Standing up for what is important

It was at the end of our school day yesterday when one of my students matter-of-factly asked if I had heard about "the shooting". Knowing about the violent incident this past weekend on a street near my elementary school, I waited for her to continue. Which she did. As if it weren't something out of the ordinary, this 8-year-old described how her mother brought my students and her sibling to an upstairs bedroom where they would be safe from further gunfire. And this revelation led another student to share that he lived on the next street and also  heard gunshots.Can I just be on the record that no 8-year-old should have to deal with this?A few years ago, one of my students was nearly hit when a stray bullet went through the front window of her family's apartment on the same street. When I asked what she did next, she told me she just got on the floor. Simple as that as if a bullet going through the front window was not that unusual.So yesterday, when I heard about a walk, a community response event sponsored by several city neighborhood groups and UTEC (United Teen Equality Center), I felt the need to walk in support of my students, many of whom are exposed to violence and trauma in ways that are normally quite easy to shut out.As the walkers traveled from City Hall in silence, I realized how easy it is to detach from the violence my own students deal with. This simple act, made it real - as one speaker said, tonight we would not be driving by, we would stop and reflect on the recent city violence.I don't have many answers for my students; they live in an environment that I, a product of white, middle-class upbringing, can hardly begin to imagine.Eight-year-old or eighty-eight years old, violence is never an answer. Walking with those whose lives are highly impacted by such events made turning away impossible.

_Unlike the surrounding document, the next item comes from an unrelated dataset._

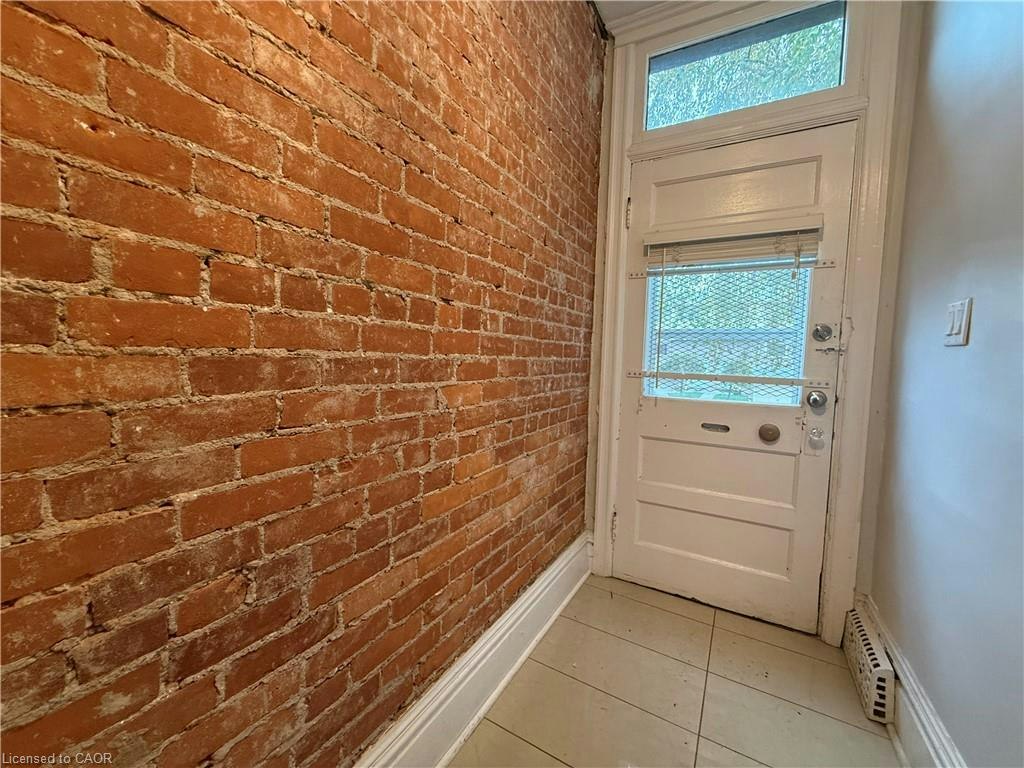 325 Catharine Street N, Hamilton, ON, L8L 4T1 - 4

Faces of poverty and trauma

This time of year - this time of year when commercial excess is encouraged and expected. A time when non-stop advertisement reminds us that in order for it to truly be the "most wonderful time" of the year, we need to open those wallets and warm up the charge cards. This time of year is filled with sadness and lost hope.It is a time of year that is filled with resentment and sometimes anger for some of my students. It is a time when life is just not fair.I can generally gauge the economy by the numbers of children in my classroom who seem hungry. This year, there's not much guesswork or hypothesis involved. They don't just seem hungry, they clearly are hungry.While these students are generally beneath the radar - free and reduced lunch status is not commonly known among teaching staff - there is no hot list of who pays for lunch and who doesn't. This year, on several occasions, I have been struck by the matter-of-fact, almost accepting manner of parents who have run out of money and who are falling through the social safety net. And who, in desperation, approach me - the teacher of their child - to see if I have any resources they can tap in to.If this year is any indication, the economy is really bad.For these children living in poverty, there is no "most wonderful time of the year". There is only the reality that there will be nothing under the tree - in fact, there won't be a tree.In the last week, I have had children acting out and then melting in to tears because they are hungry (I ask now, no sense in hinting around). For several children, whenever a classmate is absent, we tuck the extra bagel, or cereal or graham cracker package into their backpacks.My mother knits mittens for my students - I have given out every pair, about 10 so far this year. One child came to school so cold he needed to keep his winter coat on (a gift from a generous school benefactor) for more than an hour to ward of the shivers.These are not the pull-yourself-up-by-the-bootstraps families that some disparage. They were the working poor, have seen their jobs disappear, and now watch helplessly as their family begins a descent through the cracks in our safety net.And the children? These are children for whom the "most wonderful time of the year" is a cruel joke.